Pipeline – The most common area of focus for traditional diversity and inclusion strategic plans is in the area of pipeline development. It is the most clear-cut and easy connection to make to the business. Few organizations will argue against the importance of access to talent and no organization can function without skilled and talented employees. A diversity and inclusion strategy should clearly depict the current state of the organization from a demographics standpoint as well as an engagement standpoint and should look at ways to enhance both recruitment and retention efforts.
Employee Resource Groups can be an excellent conduit for diverse talent. To ensure ERGs are adding value to the business, include pipeline development goals in your governance policies. Be purposeful in linking talent sourcing initiatives to development offered through the ERGs or through other mediums. Diversity and Inclusion practitioners are often well connected with the community and have strong relationships that can be leveraged in initiatives aimed at pipeline development. Most importantly make sure there is synergy between HR / talent management and your office of diversity and inclusion.

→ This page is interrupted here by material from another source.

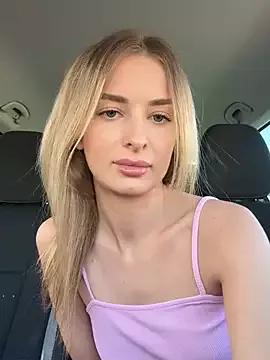 EvieEvans on StripChat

Bottom Line – Diversity and Inclusion efforts are often linked to bottom line results – i.e. how are diversity and inclusion efforts impacting the engagement and productivity of your workforce. Where efforts linked to pipeline development focus more on the diversity piece, efforts aimed at the bottom line are more aligned with inclusion. The inclusion piece is as important if not more important than the diversity piece. What good is diversity if you have not invested in creating a culture where that difference is valued and tapped? Above all your diversity and inclusion strategy should include initiatives aimed at creating an environment where all perspectives are valued and employees are encouraged to use their uniqueness to drive new ideas or improve old ones.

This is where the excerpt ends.